__The task__.
Produce a word-for-word copy of the data below.

START Data provided

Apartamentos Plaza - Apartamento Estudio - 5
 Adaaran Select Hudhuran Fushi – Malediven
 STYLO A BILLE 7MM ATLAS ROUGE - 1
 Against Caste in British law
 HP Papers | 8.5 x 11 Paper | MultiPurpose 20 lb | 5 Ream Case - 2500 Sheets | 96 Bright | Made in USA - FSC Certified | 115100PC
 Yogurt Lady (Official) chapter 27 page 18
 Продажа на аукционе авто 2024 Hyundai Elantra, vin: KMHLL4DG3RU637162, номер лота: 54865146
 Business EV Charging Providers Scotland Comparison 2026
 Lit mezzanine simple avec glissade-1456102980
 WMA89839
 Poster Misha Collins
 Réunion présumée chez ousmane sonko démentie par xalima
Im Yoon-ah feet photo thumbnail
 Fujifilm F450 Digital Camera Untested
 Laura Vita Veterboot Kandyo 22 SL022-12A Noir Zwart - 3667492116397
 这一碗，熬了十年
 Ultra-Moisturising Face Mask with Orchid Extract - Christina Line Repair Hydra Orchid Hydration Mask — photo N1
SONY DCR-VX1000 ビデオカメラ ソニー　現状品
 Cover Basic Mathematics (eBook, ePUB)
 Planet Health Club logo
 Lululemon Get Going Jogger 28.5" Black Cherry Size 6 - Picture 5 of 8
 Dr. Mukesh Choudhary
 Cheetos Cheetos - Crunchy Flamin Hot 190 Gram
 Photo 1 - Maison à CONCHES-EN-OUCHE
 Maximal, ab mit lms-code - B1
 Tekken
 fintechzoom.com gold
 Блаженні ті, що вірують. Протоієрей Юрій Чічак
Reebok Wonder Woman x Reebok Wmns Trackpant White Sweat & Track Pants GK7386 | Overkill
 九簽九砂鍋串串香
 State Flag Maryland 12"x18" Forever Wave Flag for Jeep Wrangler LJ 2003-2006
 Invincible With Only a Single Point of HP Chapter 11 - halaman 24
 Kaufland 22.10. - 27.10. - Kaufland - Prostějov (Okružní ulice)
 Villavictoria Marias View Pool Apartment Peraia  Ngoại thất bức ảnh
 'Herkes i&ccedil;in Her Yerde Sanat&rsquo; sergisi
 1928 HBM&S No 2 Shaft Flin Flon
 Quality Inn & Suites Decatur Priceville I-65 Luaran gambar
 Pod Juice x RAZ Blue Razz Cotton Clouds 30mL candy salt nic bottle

END Data provided

__Written response__.
Apartamentos Plaza - Apartamento Estudio - 5
 Adaaran Select Hudhuran Fushi – Malediven
 STYLO A BILLE 7MM ATLAS ROUGE - 1
 Against Caste in British law
 HP Papers | 8.5 x 11 Paper | MultiPurpose 20 lb | 5 Ream Case - 2500 Sheets | 96 Bright | Made in USA - FSC Certified | 115100PC
 Yogurt Lady (Official) chapter 27 page 18
 Продажа на аукционе авто 2024 Hyundai Elantra, vin: KMHLL4DG3RU637162, номер лота: 54865146
 Business EV Charging Providers Scotland Comparison 2026
 Lit mezzanine simple avec glissade-1456102980
 WMA89839
 Poster Misha Collins
 Réunion présumée chez ousmane sonko démentie par xalima
Im Yoon-ah feet photo thumbnail
 Fujifilm F450 Digital Camera Untested
 Laura Vita Veterboot Kandyo 22 SL022-12A Noir Zwart - 3667492116397
 这一碗，熬了十年
 Ultra-Moisturising Face Mask with Orchid Extract - Christina Line Repair Hydra Orchid Hydration Mask — photo N1
SONY DCR-VX1000 ビデオカメラ ソニー　現状品
 Cover Basic Mathematics (eBook, ePUB)
 Planet Health Club logo
 Lululemon Get Going Jogger 28.5" Black Cherry Size 6 - Picture 5 of 8
 Dr. Mukesh Choudhary
 Cheetos Cheetos - Crunchy Flamin Hot 190 Gram
 Photo 1 - Maison à CONCHES-EN-OUCHE
 Maximal, ab mit lms-code - B1
 Tekken
 fintechzoom.com gold
 Блаженні ті, що вірують. Протоієрей Юрій Чічак
Reebok Wonder Woman x Reebok Wmns Trackpant White Sweat & Track Pants GK7386 | Overkill
 九簽九砂鍋串串香
 State Flag Maryland 12"x18" Forever Wave Flag for Jeep Wrangler LJ 2003-2006
 Invincible With Only a Single Point of HP Chapter 11 - halaman 24
 Kaufland 22.10. - 27.10. - Kaufland - Prostějov (Okružní ulice)
 Villavictoria Marias View Pool Apartment Peraia  Ngoại thất bức ảnh
 'Herkes i&ccedil;in Her Yerde Sanat&rsquo; sergisi
 1928 HBM&S No 2 Shaft Flin Flon
 Quality Inn & Suites Decatur Priceville I-65 Luaran gambar
 Pod Juice x RAZ Blue Razz Cotton Clouds 30mL candy salt nic bottle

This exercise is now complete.